Wednesday, May 28, 2008

My Behavioral Study of Siblings

Why is it that whenever one of my kids is in trouble, the other turns into the model child?

When Monkey is screaming and stomping her feet, suddenly Volcano is the perfect angel. He is miraculously saying "Yes, Mommy" and "May I please, Mommy" and having the best manners that even Emily Post would envy. It is truly a miracle.

And, in turn, when Volcano is talking back or rolling his eyes and saying "I knoooooow!" in his I-can't-believe-he's-only-five-and-not-a-teenager-yet voice, Monkey turns around and gives me a hug, saying, "Can I kiss you, Mommy?" in her sweetest of princess voices. It's as if the one kid feels sorry for me, seeing as I'm about to tear my hair out, and decides to give me a break. Or maybe they're just being competitive with each other and trying to show the other one up.

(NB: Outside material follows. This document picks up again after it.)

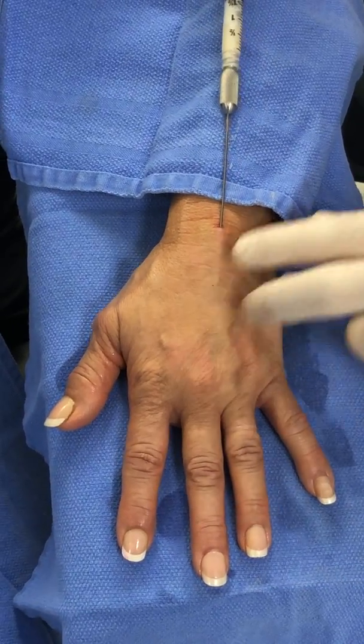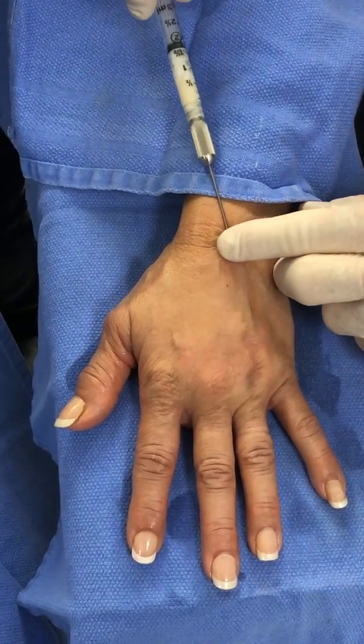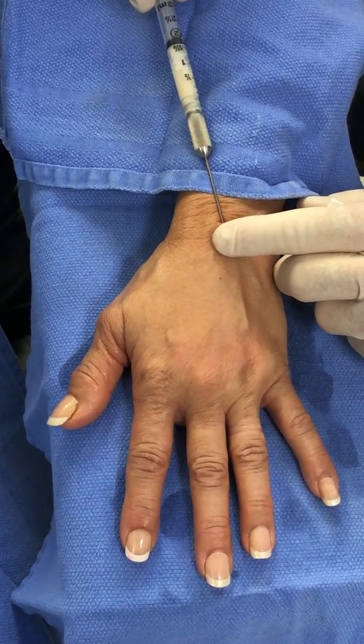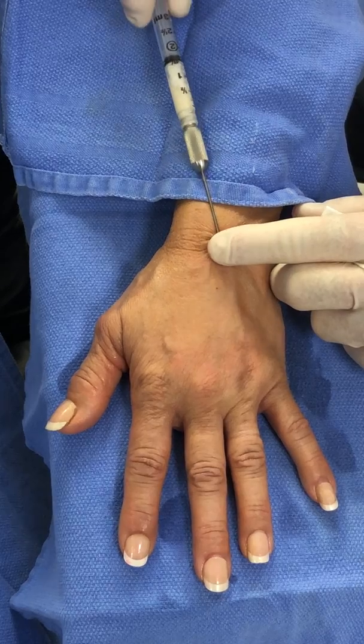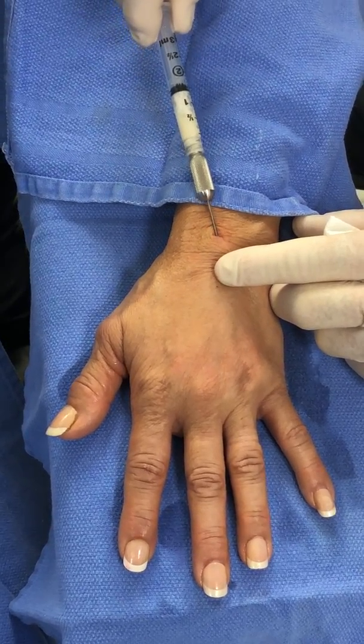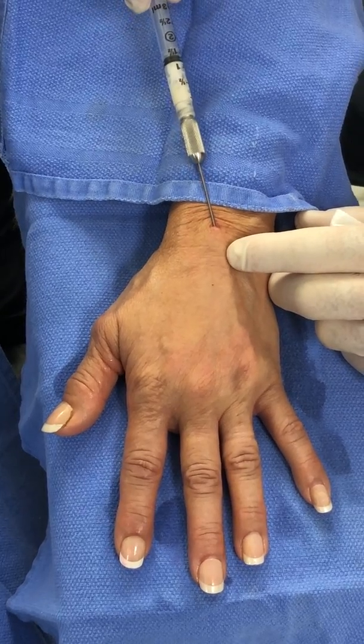Retrograde technique is important. A little trick: if you find a little resistance, you can pre-inject a little bit and that'll create a pathway, and then you can inject retrograde.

Either way, I call it the "Opposite Behavioral Effect." The theory is that each negative action by an offspring can cause the sibling to have the opposite, positive reaction. (That minor in sociology I have is finally being put to some good use.)

For example, let's say your 3-year-old daughter is screaming "No No NOOOOO!" at you when you tell her to clean up her place at dinner. You become frustrated, upset, and are ready to scream. When, suddenly, your 5-year-old asks ever so sweetly, "Mommy, may I be excused from the table, please?" This is the Opposite Behavioral Effect.

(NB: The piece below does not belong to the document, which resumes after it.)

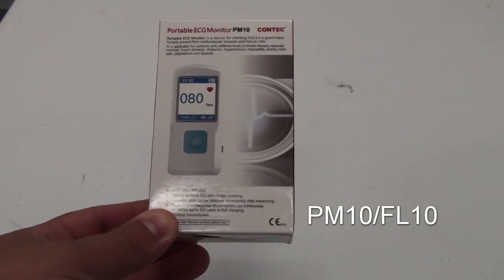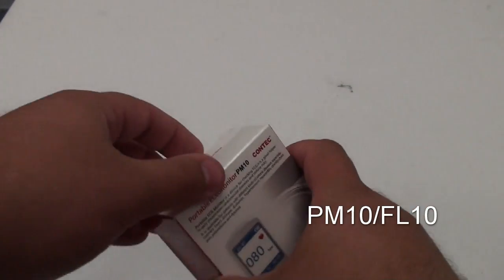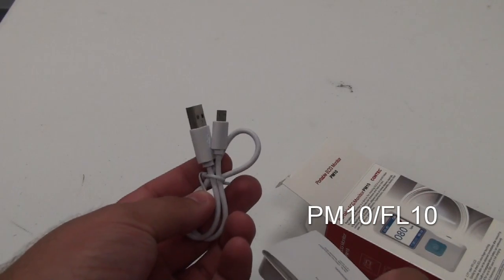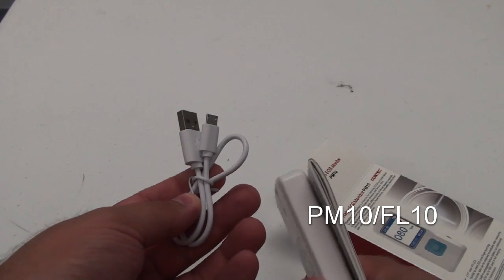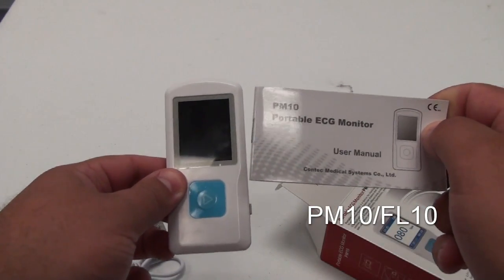Hello and welcome to the unboxing of the PM10FL10. In each box, you'll receive the USB cable if you'd like to transfer the data via your computer. This device is also Bluetooth. You'll also receive the device itself and the instruction manual.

Or when your 5-year-old is arguing with you that his Legos are just fine scattered all over the floor in his room. This is when your 3-year-old saunters in and tells you sweetly, "My room is all clean, Mommy. Just like you asked." This is the Opposite Behavioral Effect.

There is also the "Ganging Up on You Effect." Thankfully, I don't get this one as often. This is when one offspring encourages the other offspring in a negative manner, coaxing their sibling to join them in bad behavior. For example, when Volcano tries to balance his cereal spoon on his nose, Monkey laughs hysterically and tries to imitate him. This, as many of you know, can be tortuous. (This is one of the main reasons Hubby and I decided to stop at two.)

So... now it's your turn. Which one do your kids pull most often? Or is there another "Behavioral Theory of Siblings" I may have overlooked?

13 comments:

Lanxi said...

Even with my 4 biggest, it seems that one is so sweet and loving when everyone else is being threatened with forever timeouts.
Can't wait to see what happens when all 6 are in the mix!

emma said...

Funny, I remember doing this as a child.

jessicahb said...

Hey! Thanks for remembering me inn your "Thanks for Commenting" widget! I know it's been a while, but I'm still reading!

McMommy said...

Currently my 3.5 year old and 15 month old engage in their favorite...the Ganging Up on McMommy effect....which I never would have guessed would have happened at such an early age. Oh lucky me!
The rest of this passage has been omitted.